Грунька скорбно оглядела груду обгоревшего тряпья, подняла голову и только сейчас заметила за оградой толпу любопытных сельчан, а у самой калитки — знакомые зарёванные мордашки своих единоутробных сестёр. И тут Груньке впервые сделалось по-настоящему тошно, горько, невыносимо обидно, стало жалко себя, непутёвую, глупую, невезучую дурёху-горемычницу. Она завыла, заголосила, запричитала, точь-в-точь как матушка Матрёна Селивёрстовна на прошлогодних отцовских похоронах.
Председатель Вахрамеев мягко, но крепко положил ей руку на плечо:
Ладно, гражданка, перестань реветь! Обойдётся — у тебя вся жизнь ещё. Двигай вперёд.
— А как же развод? Оформите? — сквозь слёзы спросила Грунька.
— Пара пустяков! — рассмеялся Вахрамеев. — Дело в том, что твоё замужество не оформлено в законном порядке, ещё не получено разрешение на брак с иностранцем.

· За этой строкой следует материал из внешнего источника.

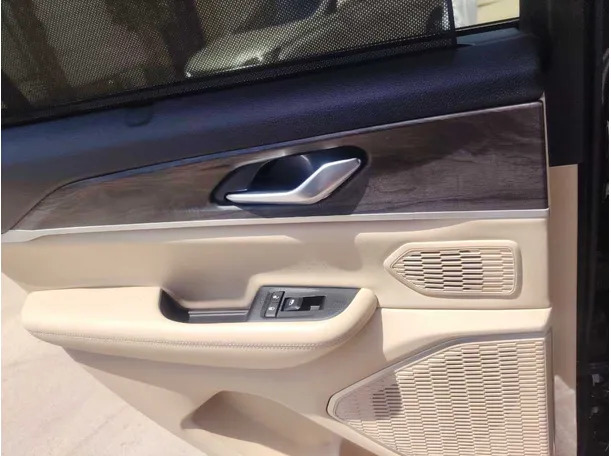Car image 28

Мы его просто не будем регистрировать и вся недолга.
Через час из итээровского городка вдоль берега Шульбы в село шествовала живописная процессия: впереди тётка Матрёна вела на верёвке пегую "продуктивную" Бурёнку, а следом, пятка к носку, семенили все пятеро сестёр, и у каждой в охапку остатки домашнего скарба: вёдра, чайник, вилки-ложки, сковородки, коромысло — всё, что не билось, не ломалось, не горело и надёжно обещало устойчивое будущее.

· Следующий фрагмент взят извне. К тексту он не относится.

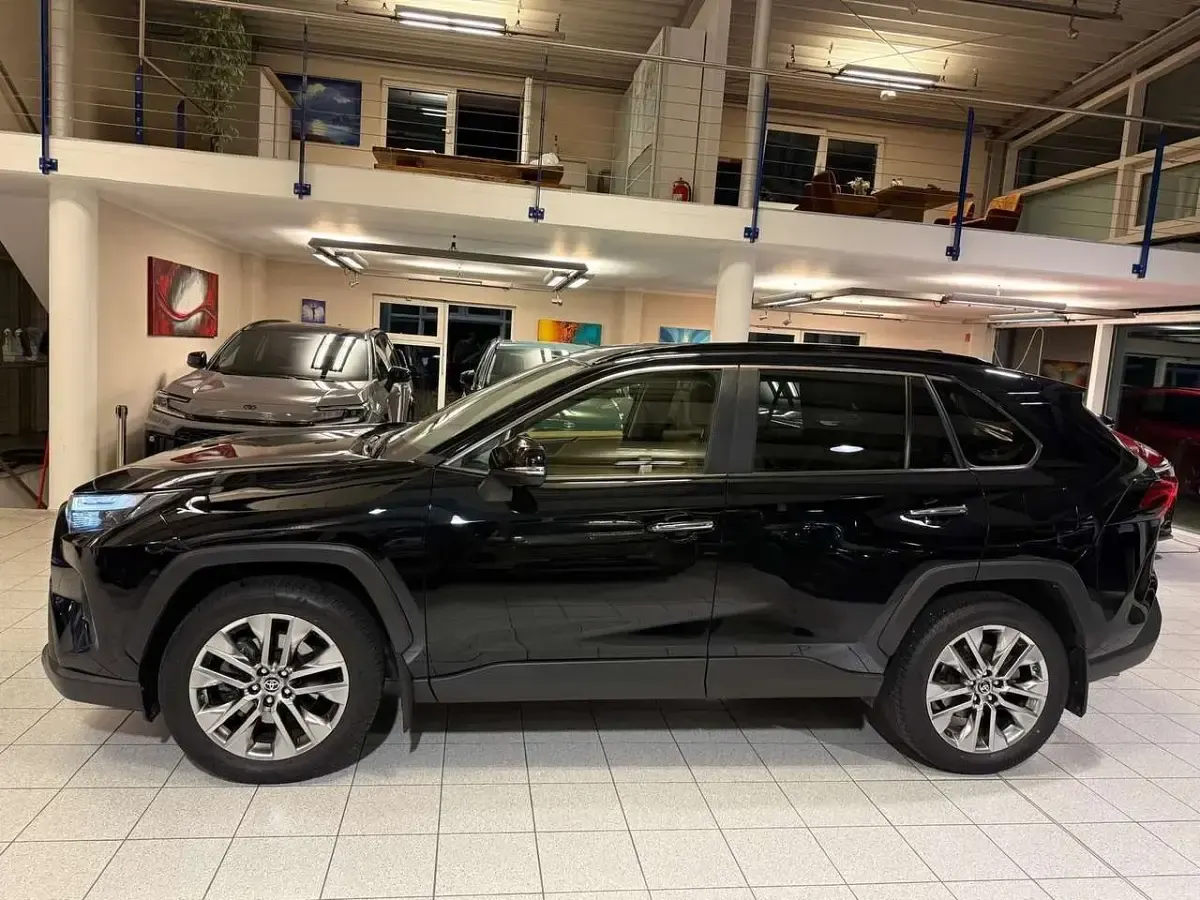 Gebraucht Toyota RAV4 Executive 175 PS (128 kW) 2023 Schwarz SUV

Бурёнка шагала неспешно, важно, уверенно ставя раздвоенные копыта, и, когда временами задерживалась, чтобы полакомиться придорожными лопухами, вся компания благоговейно останавливалась, замирала, слушая вкусное похрустывание травы.
Глава 20
Викентий Фёдорович Шилов не любил вспоминать своё детство. Необузданная деспотическая любовь родителей рано сформировала в нём неприязнь ко всему, что давит и закабаляет, уже гимназистом он наглухо замкнулся в себе, ощетинился на весь мир. Он считался вундеркиндом, а это требовало сдержанности и давало право на жестокость.
Его всегда занимали потёмки человеческой психики — вопиющая непоследовательность и дисгармония рядовой натуры. Ему нравилось делать пакости, обставляя их таким образом, что именно ему же потом лизали руки в знак благодарности.

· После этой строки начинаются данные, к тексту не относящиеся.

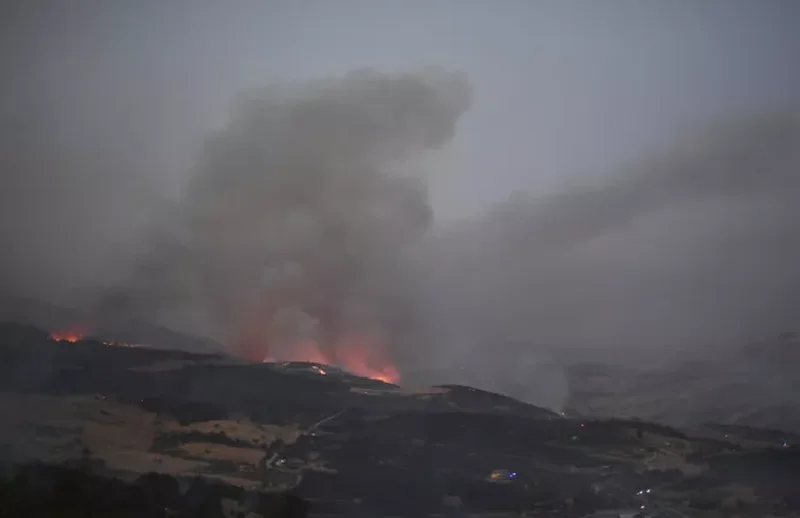 Zjarr i madh në Sicili, mbyllet aeroporti në Trapani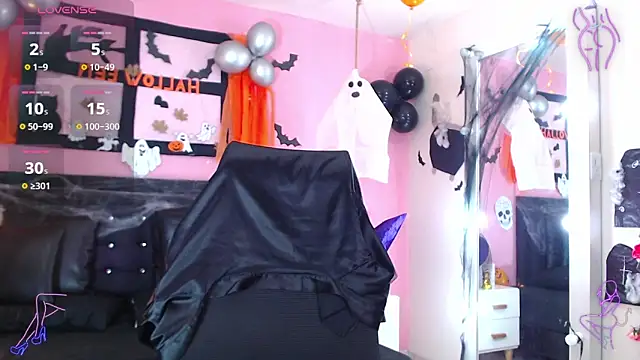 SamaraCortez online show from October 14, 2025, 7:58 pm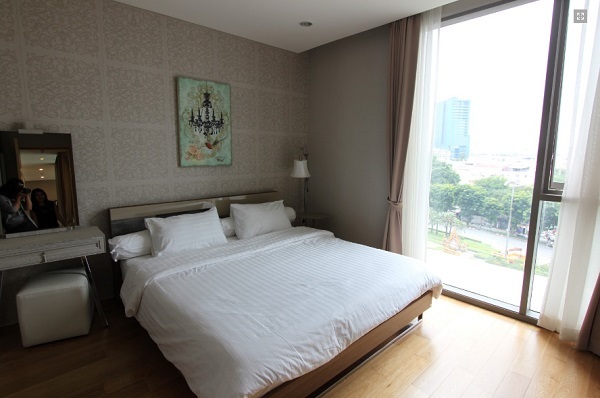 Room for rent – The Breeze condo at Rama3 Rd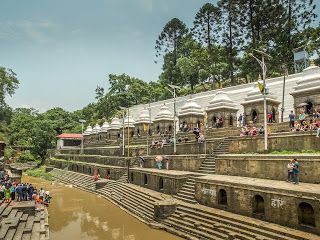 Air Sungai Bagmati Berwarna Coklat Tidak Mengalir Dan Kotor (dokpri)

Вероятно, он далеко бы пошёл, если бы родился в другое время. Старый мир рушился, и под его обломками хрустели человеческие судьбы, выживали лишь те, кто сумел заранее переориентироваться. Он не испугался и не собирался меняться — верил в свою судьбу. И ещё верил в то, что такие, как он — непримиримо последовательные, навсегда одержимые — нужны обществу в любые времена.
И не ошибся: примитивно-напыщенные народнические взгляды отца, демократствующего присяжного поверенного, молодой Шилов сумел удобненько трансформировать в прокрустово ложе девизов эсэра-боевика (отрубив и отбросив кое-что из явно крикливого, архаического), а ещё позднее, тоже без труда, приспособил всё это к красному сундуку идейного багажа приверженцев Троцкого. Ему особенно нравилось, что безудержную брызжущую энергию самовосхваления Троцкий выдавал за "кипучую революционную страстность".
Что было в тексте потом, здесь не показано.